NASA Sends Video From Space By Laser And Orange Tabby Cat Acts Accordingly
HuffPost
The kitty, named "Taters," could be seen chasing the red light all over a couch at NASA’s Jet Propulsion Laboratory in Pasadena, California,
CAPE CANAVERAL, Fla. (AP) — An orange tabby cat named Taters stars in the first video transmitted by laser from deep space, stealing the show as he chases a red laser light.
The 15-second video was beamed to Earth from NASA’s Psyche spacecraft, 19 million miles (30 million kilometers) away. It took less than two minutes for the ultra high-definition video to reach Caltech’s Palomar Observatory, sent at the test system’s maximum rate of 267 megabits per second.
The video was loaded into Psyche’s laser communication experiment before the spacecraft blasted off to a rare metal asteroid in October. The mission team at NASA’s Jet Propulsion Laboratory in Pasadena, California, decided to feature an employee’s 3-year-old playful kitty.
The video was streamed to Earth on Dec. 11 and released by NASA this week.
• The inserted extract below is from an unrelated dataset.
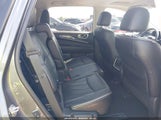 Infiniti Qx60 5N1DL0MN8HC555752 снимка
Despite the vast distance, the test relayed the video faster than most broadband internet connections here on Earth, said the project’s Ryan Rogalin.
NASA wants to improve communications from deep space, especially as astronauts gear up to return to the moon with an eye toward Mars. The laser demo is meant to transmit data at rates up to 100 times greater than the radio systems currently used by spacecraft far from Earth.